EXERCISE OBJECTIVE: Transcribe every record as it stands and set the images aside.

EXTRACTED INFORMATION:
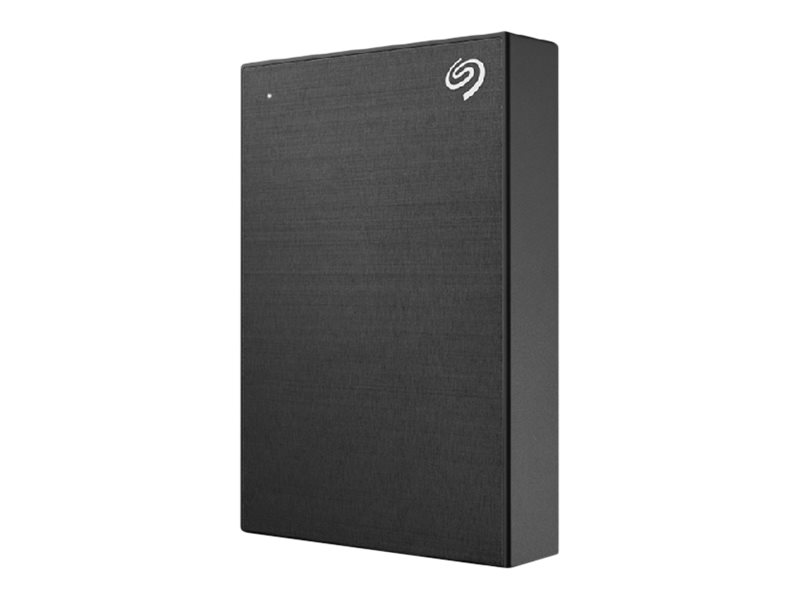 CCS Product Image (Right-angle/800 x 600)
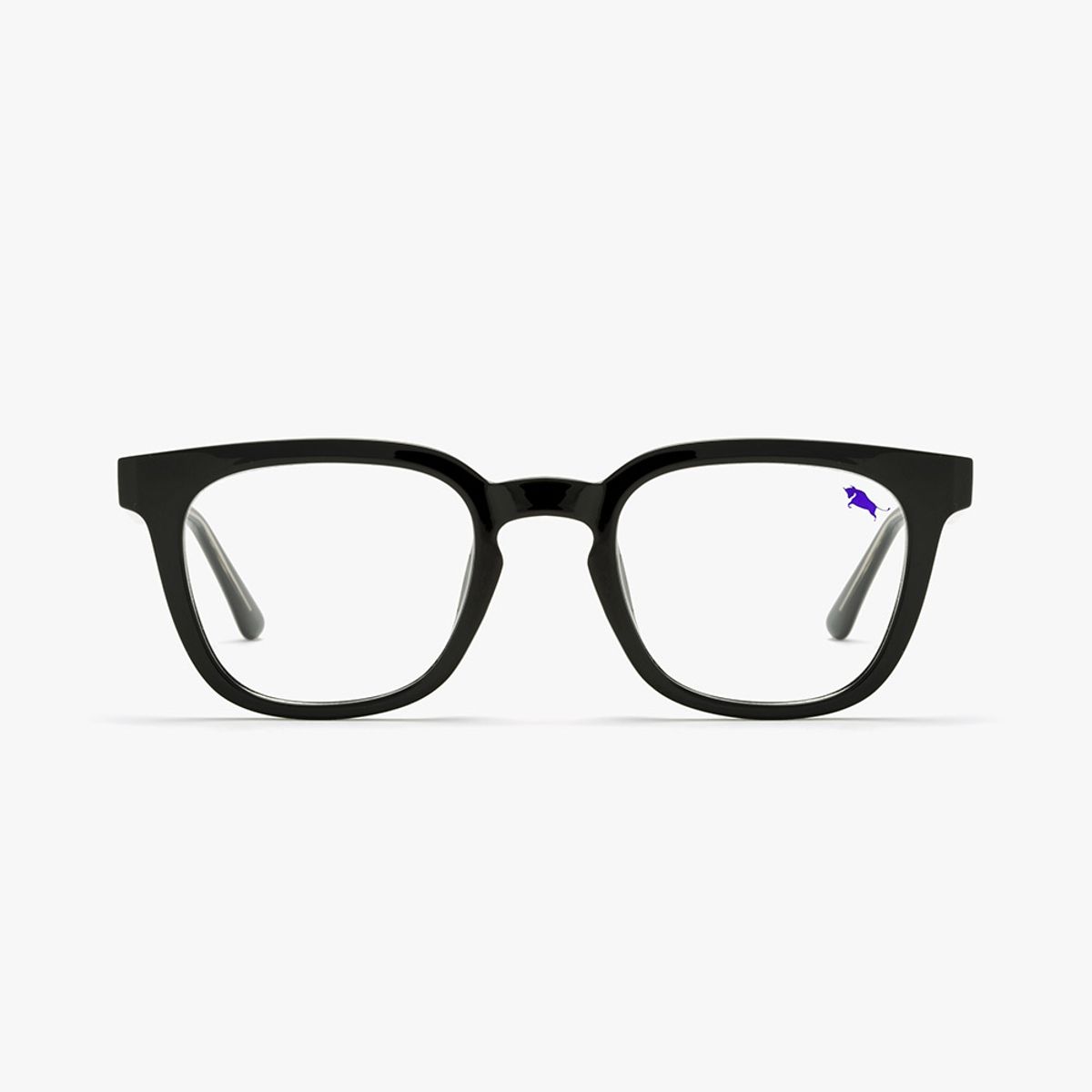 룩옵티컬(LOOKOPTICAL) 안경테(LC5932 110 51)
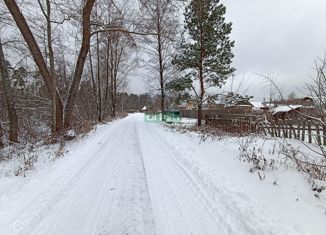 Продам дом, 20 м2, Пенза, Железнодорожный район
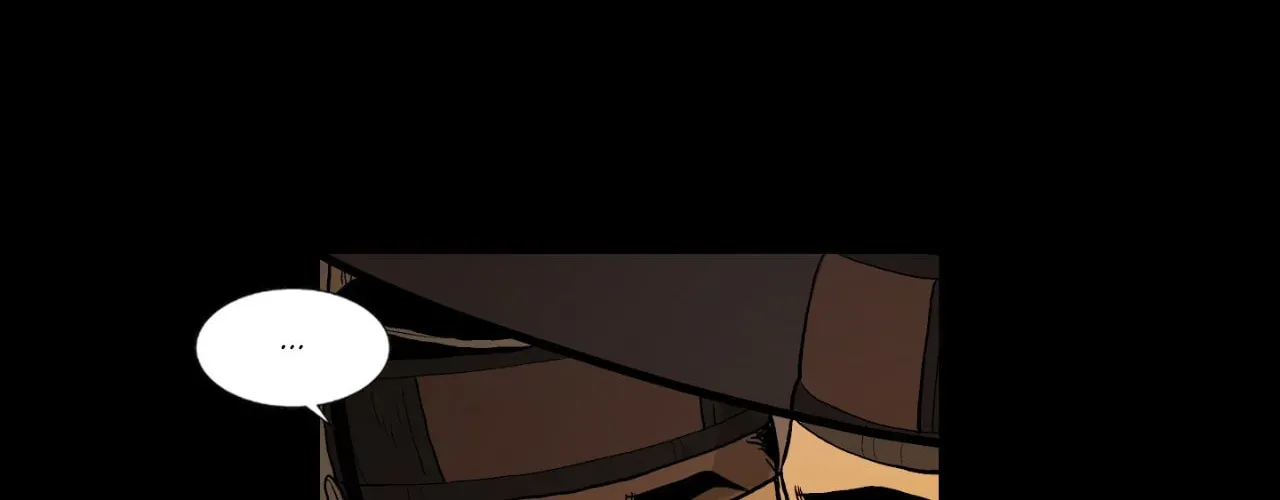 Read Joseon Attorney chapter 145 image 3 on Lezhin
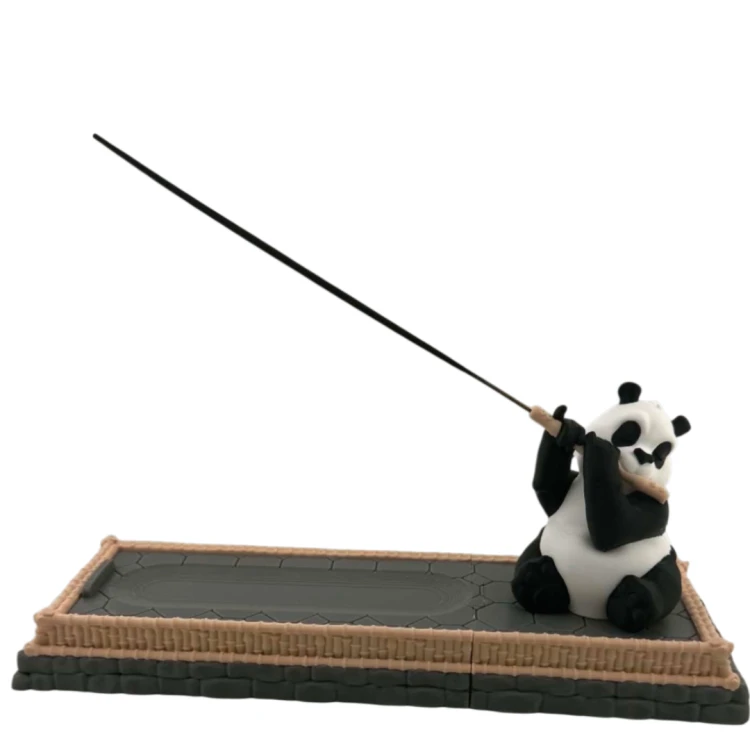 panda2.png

THE ANSWER:
 CCS Product Image (Right-angle/800 x 600)
 룩옵티컬(LOOKOPTICAL) 안경테(LC5932 110 51)
 Продам дом, 20 м2, Пенза, Железнодорожный район
 Read Joseon Attorney chapter 145 image 3 on Lezhin
 panda2.png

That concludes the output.